Dataflow BigQuery to BigQuery

Question:

I am trying to create a dataflow script that goes from BigQuery back to BigQuery. Our main table is massive and breaks the extraction capabilities. I’d like to create a simple table (as a result of a query) containing all the relevant information.

The SQL query 'Select * from table.orders where paid = false limit 10' is a simple one to make sure it works. The true query is more complex but connects to multiple tables within the same project.

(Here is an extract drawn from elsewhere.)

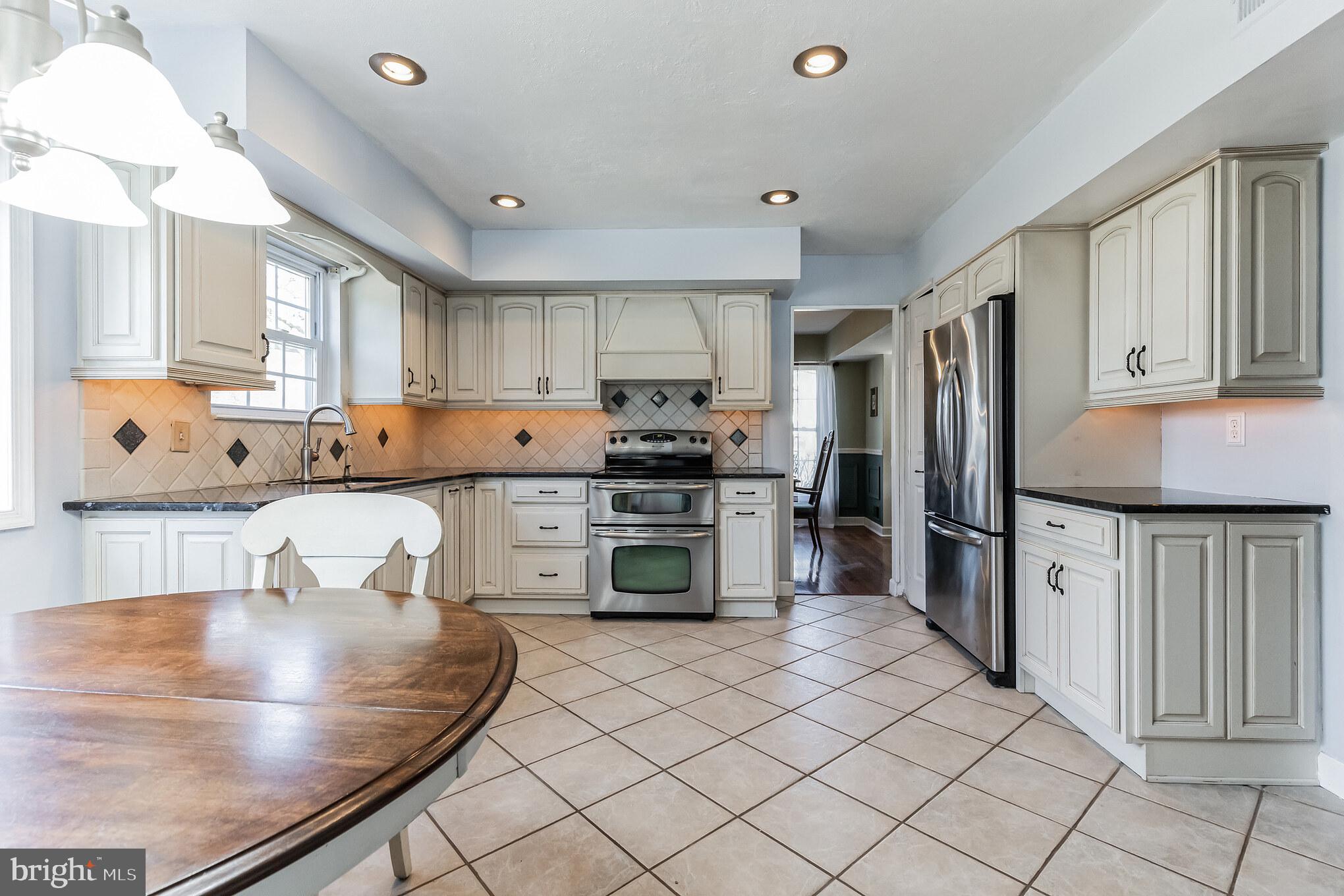 579 Coach Road Horsham, PA 19044 - Photo 8 of 32 Kitchen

This seems to work but I’d like to know what I can do to test it out?
Also, How can I get this to run automatically every morning?

import logging
import argparse
import apache_beam as beam

PROJECT='experimental'
BUCKET='temp1/python2'


def run():
    argv = [
        '--project={0}'.format(PROJECT),
        '--job_name=test1',
        '--save_main_session',
        '--staging_location=gs://{0}/staging/'.format(BUCKET),
        '--temp_location=gs://{0}/staging/'.format(BUCKET),
        '--runner=DataflowRunner'
    ]

    with beam.Pipeline(argv=argv) as p:

        # Read the table rows into a PCollection.
        rows = p | 'read' >> beam.io.Read(beam.io.BigQuerySource(
                query =  'Select * from `table.orders` where paid = false limit 10', 
                use_standard_sql=True))

        # Write the output using a "Write" transform that has side effects.
        rows  | 'Write' >> beam.io.WriteToBigQuery(
                table='orders_test',
                dataset='external',
                project='experimental',
                schema='field1:type1,field2:type2,field3:type3',
                create_disposition=beam.io.BigQueryDisposition.CREATE_IF_NEEDED,
                write_disposition=beam.io.BigQueryDisposition.WRITE_TRUNCATE)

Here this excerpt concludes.